Monday, March 31, 2003

Watch Hollywood screw up the classics of sf, part 765

I see that Bridget Moynahan has been cast in the film of Isaac Asimov's I. Robot, as "a psychologist specializing in robot minds". This seems clearly to be the character of Dr Susan Calvin, who is actually the most important character in Asimov's book, although it sounds like she is playing second fiddle to another character played by Will Smith in the movie. This profoundly disappoints me.
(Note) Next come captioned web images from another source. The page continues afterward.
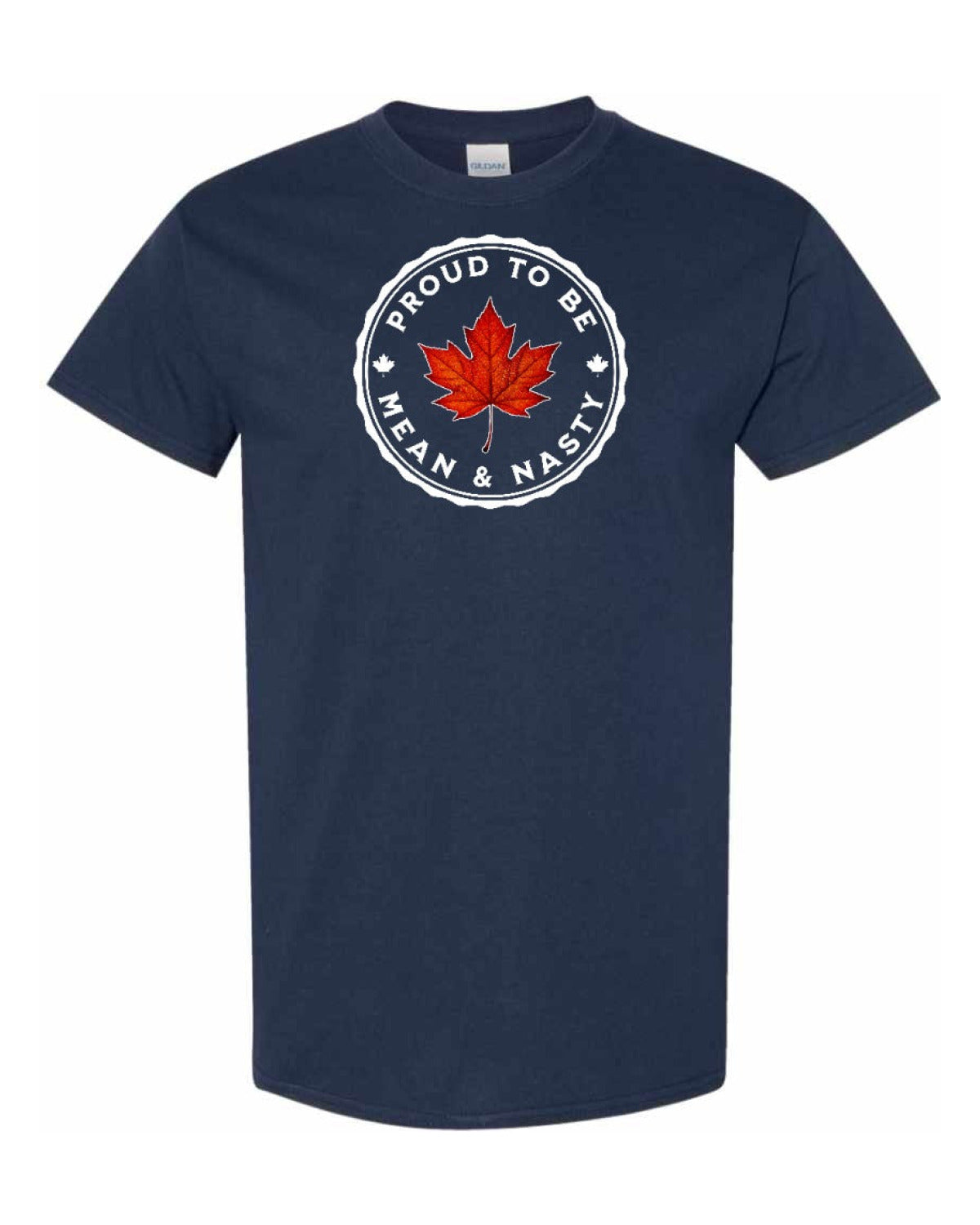Proud to be Mean and Nasty Leaf  Men's Tee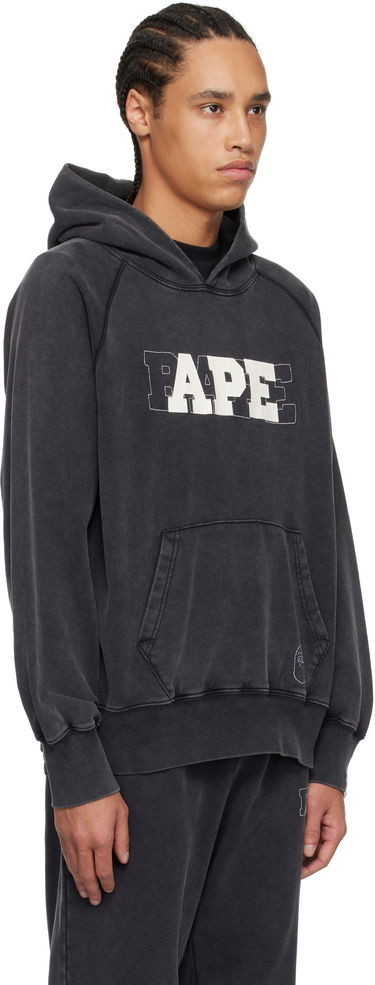 Pulover BAPE A Bathing Ape Washed Effect Relaxed Fit Hoodie Črna | 001PPK801001M, 1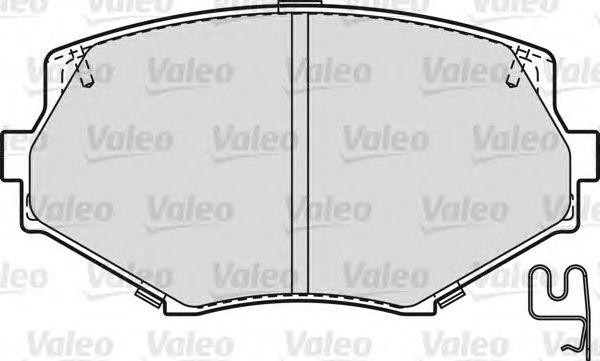 Комплект тормозных колодок, диско 598836 VALEO PHC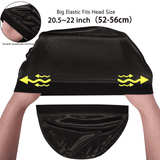Premium 3-Piece Silky Durag Set: Long Tail Headwrap for Perfect 360 Waves
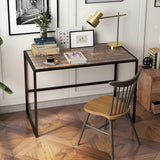 Walnut Finish Coffee Table with Shelf by Particle Board+Metal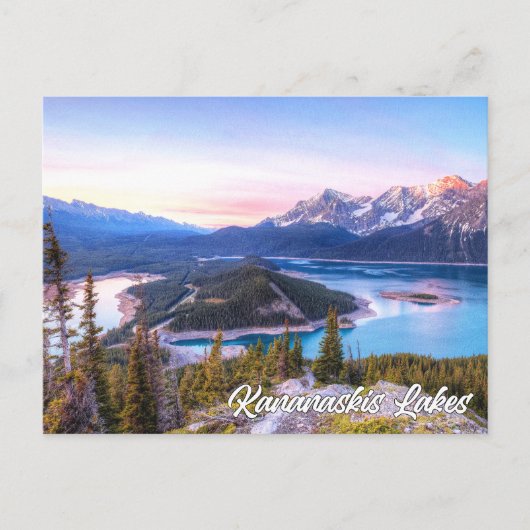 Carte Postale Lacs Kananaskis, Alberta, Canada (Devant)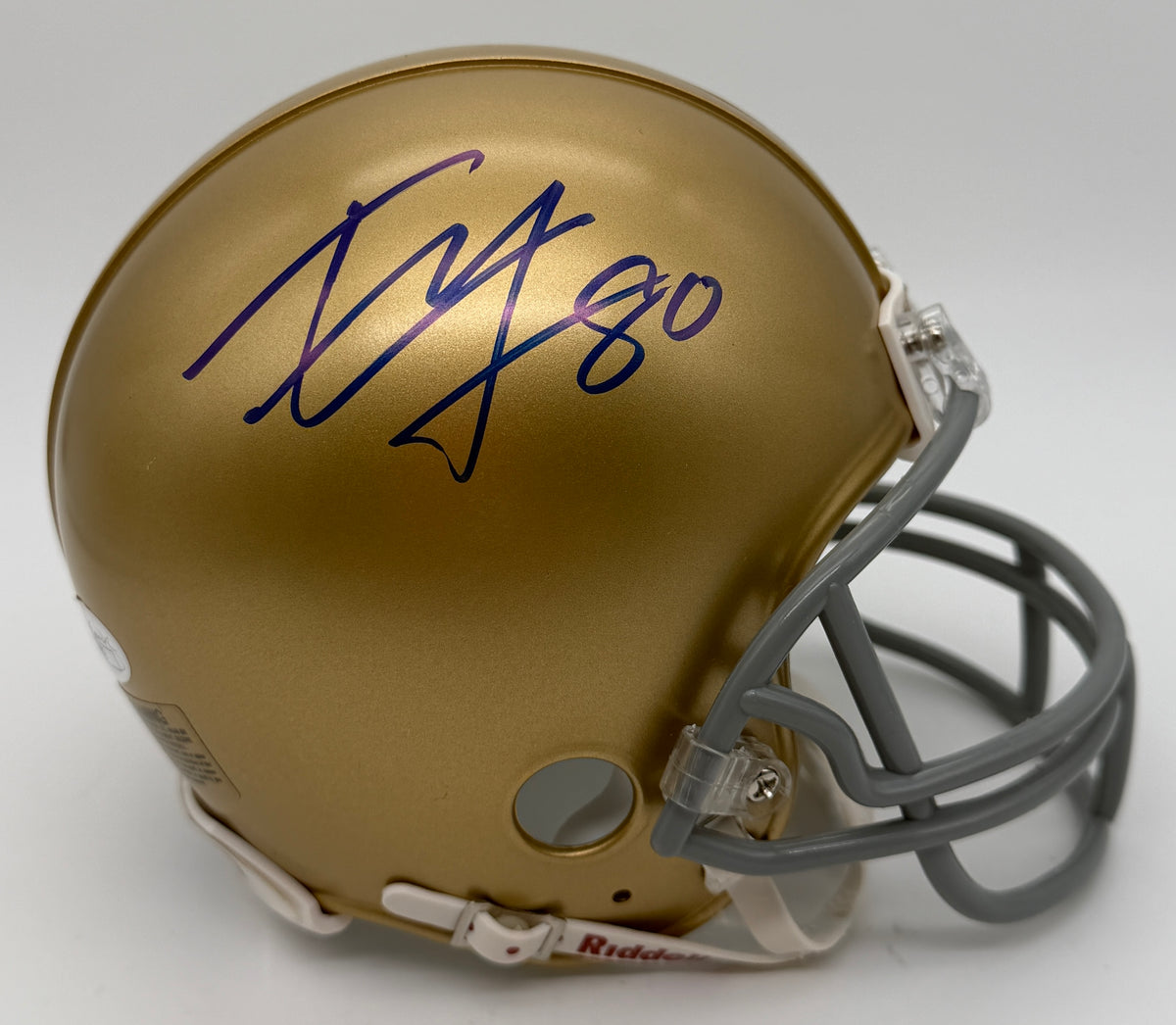 Tyler Eifert Signed/Autographed Notre Dame Mini Football Helmet JSA 214890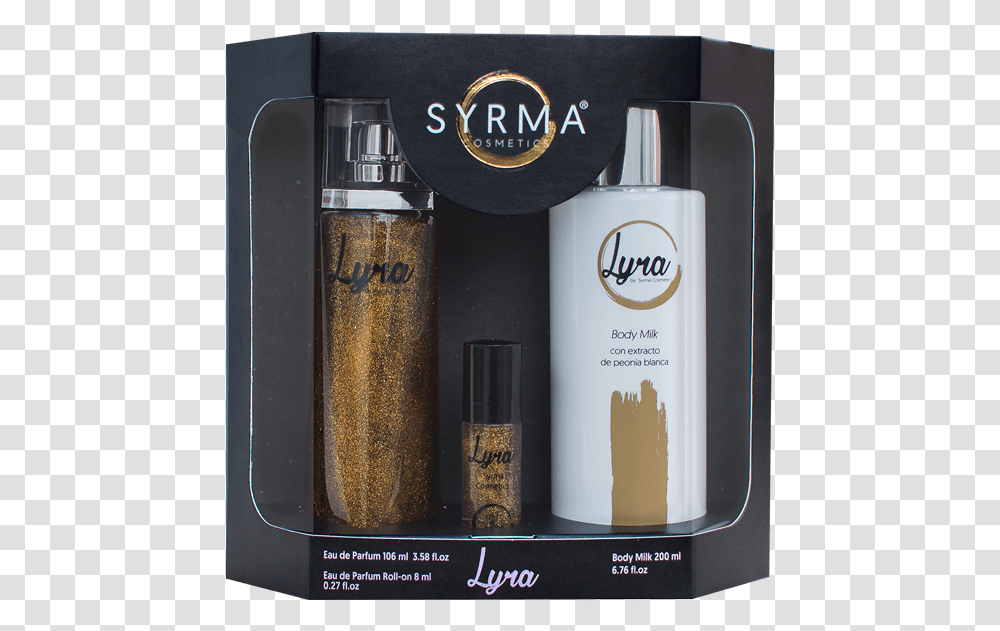 Pack Lyra Bottle, Cosmetics, Perfume, Aftershave Transparent Png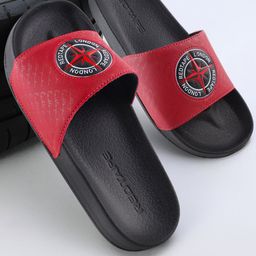 Red Tape Men Printed Sliders-42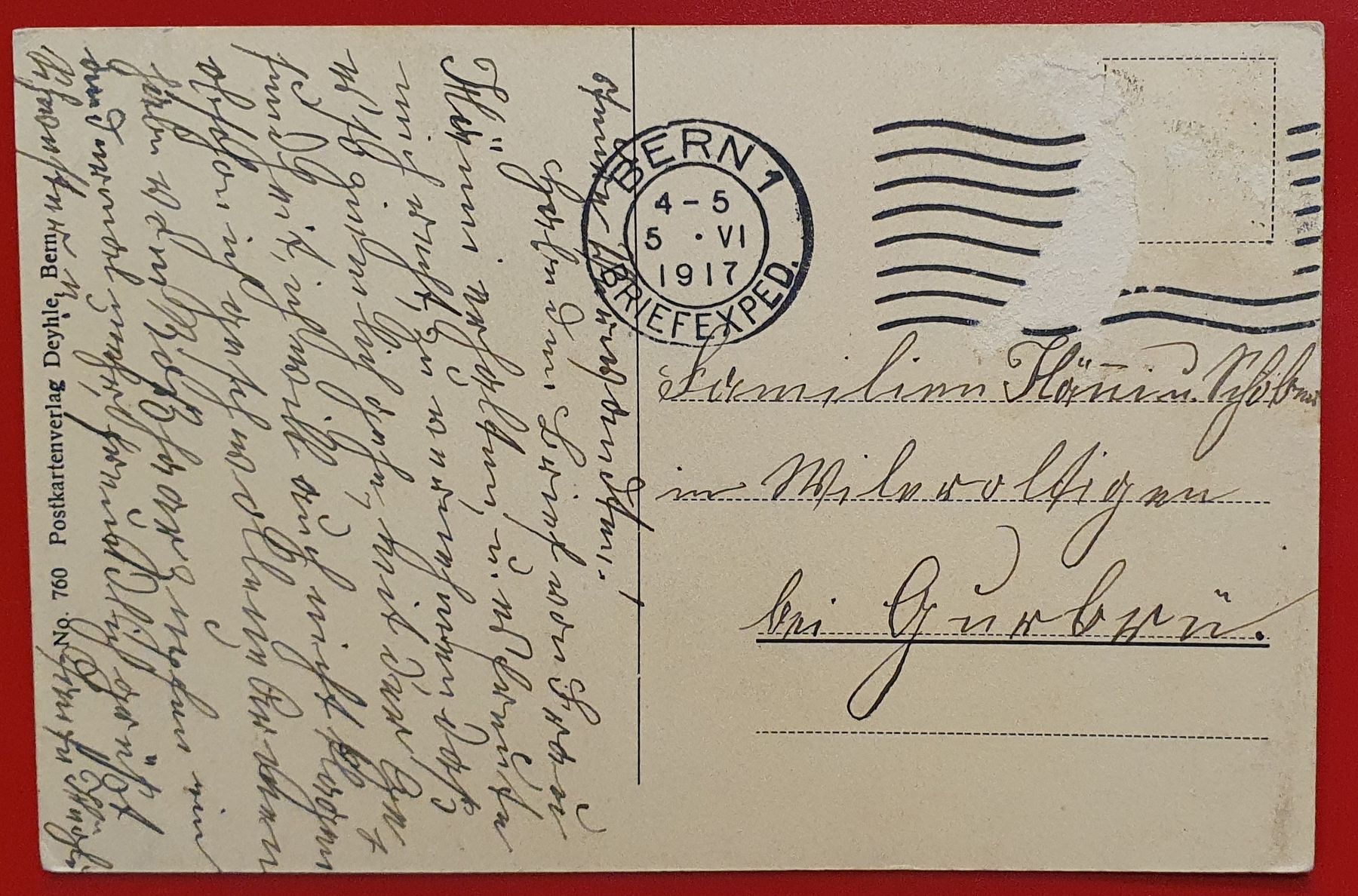 Cartoline postali: Bern 1917 - Hallerhaus, Gesellschaftsstrase – Usato da Kreuzlingen venduto da Rschweiz1 1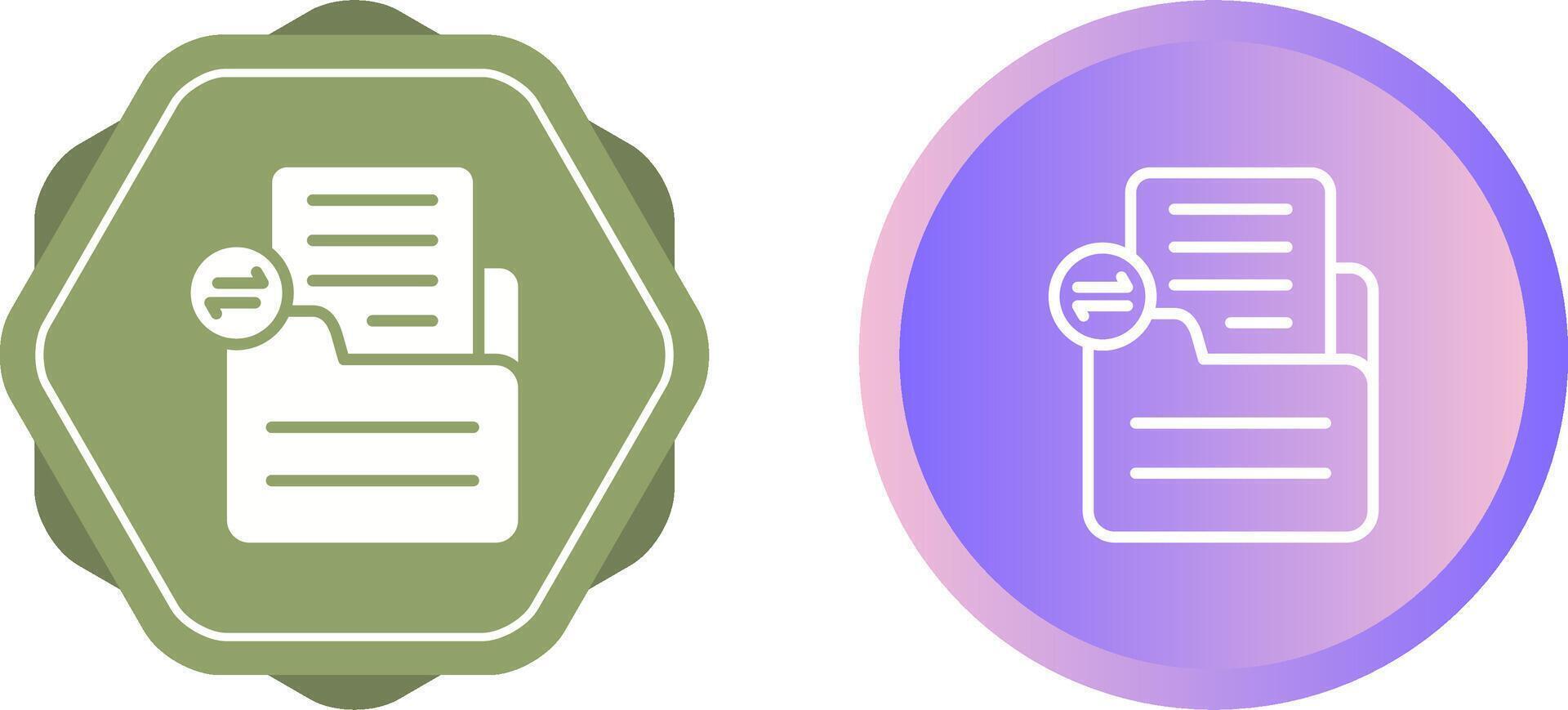 Document Share Vector Icon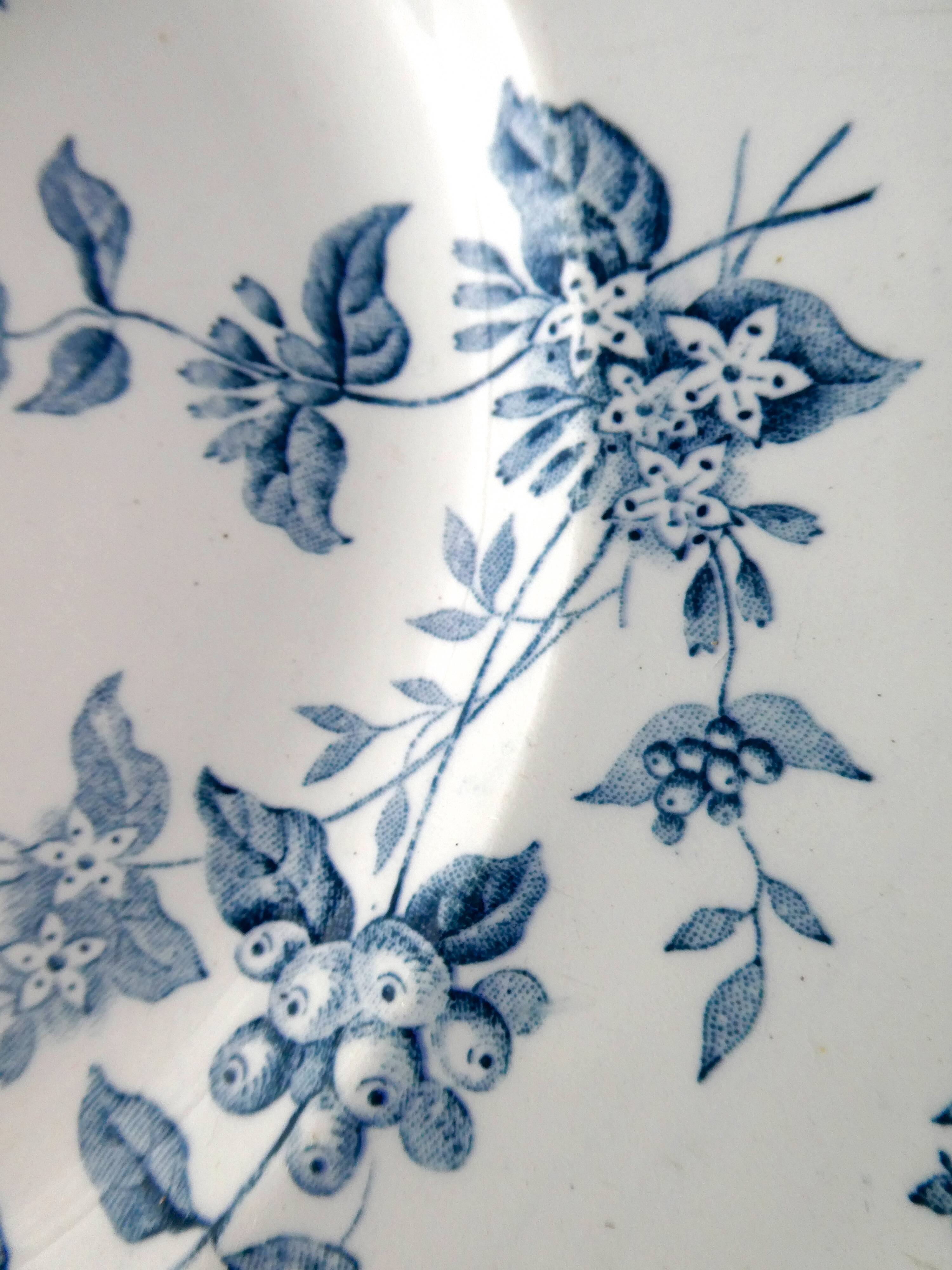 Set de 4 assiettes plates Saint Amand Hamage, modèle Caïffa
Why? Well the character of Dr Susan Calvin in the book is, shall we say, rather severe. She is someone who does not see herself as being sexually attractive and who instead chooses to be intellectually formidable, and who at least tries to convince other people of the fact that she is interested in robots than people. (The irony is that this of course makes her more human rather than less). It is not necessary to cast someone unattractive in the part, but the role must be played without a hint of glamour of any kind. And casting a young and conventionaly pretty female star in the movie (even one like Moynahan who actually can act) is completely wrong. I can't imagine her being able to play correctly the intellectual fearsomeness that is inherent in the character. I would rather someone older, and with more interesting looks. (Thinking about it, I am rather hit by the idea that Meryl Streep could be great in the part. Emily Watson, too, for that matter). I suppose, though, that complaining that Hollywood casts young and attractive actresses in female roles is missing the point of Hollywood entirely. I just really wish that they don't mess this one up.

As I have commented before, I greatly like the work of Alex Proyas, who is making the I. Robot film. However, I have seen Hollywood rip out the emotional heart of one previous Asimov work, due to the story either being too subtle for the filmmakers to understand or too subtle for what they thought their viewers were going to want to watch, and I really don't want to see this happen again.